Thursday, July 16, 2015

Why Work? : Welfare pays Better

When it's far better to stay on welfare, when it pays much more then working, so why look for work? It isn't rocket science why so many people are not looking for work. For the most part, people aren't stupid, especially when it comes to looking for any easy way out. The lotto mentality?

Little wonder then why the progressive socialist liberal democrats are as strong as they are in most elections, the voting base that supports more welfare is getting larger and larger. And if that's not enough, just think about all of the millions of legal and illegal immigrants that want their share of tax dollars as well.

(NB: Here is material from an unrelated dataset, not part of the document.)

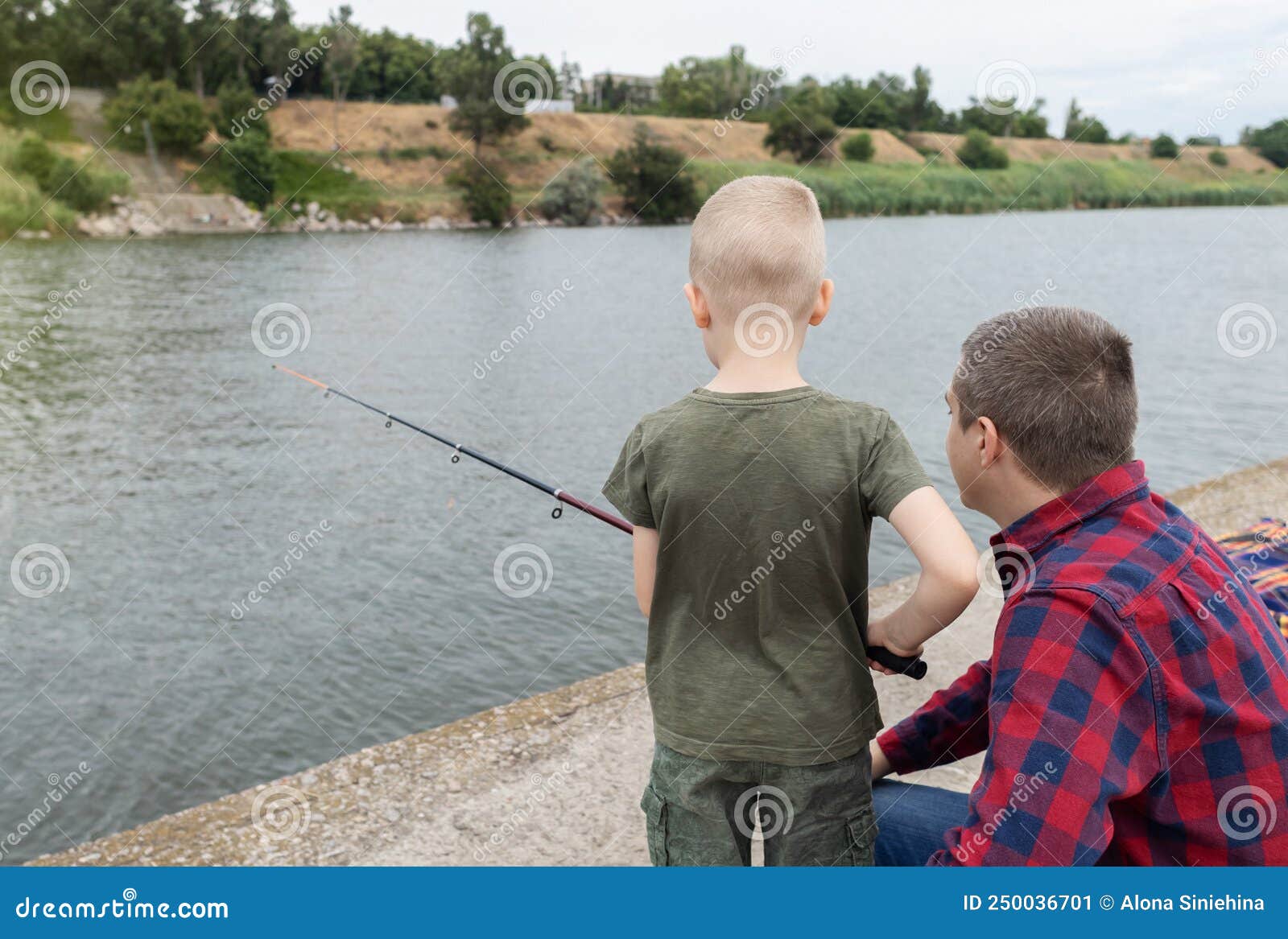 Father and Son Fishing. Dad Shows His Son How To Hold the Spinning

A Decline in the Desire to Work
Source:  Regis Barnichon and Andrew Figura, "Declining Desire to Work and Downward Trends in Unemployment and Participation," National Bureau of Economic Research, May 2015

July 15, 2015

A recent study published by the National Bureau of Economic Research argues that a key aspect of the U.S. labor market is due to changes in the composition of the nonparticipation pool. The decline primarily reflected reductions for prime age females and young people. Researchers Regis Barnichon and Andrew Figura purport that it is not clear that demographics alone are responsible for these trends and seeked to supplement the often cited aging baby boom generation as the possible factor.
 In particular, the study found:
  • The share of nonparticipants who report wanting to work declined over the past 35 years, with a particularly strong decline in the second-half of the 90s.
  • A decline in desire to work lowers both participation and unemployment because a nonparticipant who wants to work has both a higher probability of entering the labor force and a higher probability of joining unemployment. 
Taken together with the aging population theory, this lower desire to work can account for the bulk of low-frequency movements in unemployment since the late 60s.
Findings suggest that the mid-90s "welfare to work" reforms such as the 1993 EITC expansion and the 1996 AFDC/TANF reform played an important role in lowering desire to work among nonparticipants. Using a cross-sectional estimate, the findings imply:
  • Changes in the provision of welfare and social insurance explain about 60 percent of the decline in desire to work among prime-age females.
  • Difference-in-difference estimates attribute between 50 and 70 percent of the decline in mothers desire to work to the welfare reforms. 
These findings show that a key aspect of the U.S. labor market is the presence of time-varying compositions across the nonparticipant pool. It documents a decline in the share of nonparticipants who report wanting to work, and that decline, which was particularly strong in the second half of the 90s, is a major aspect of the downward trends in unemployment and participation over the past 20 years.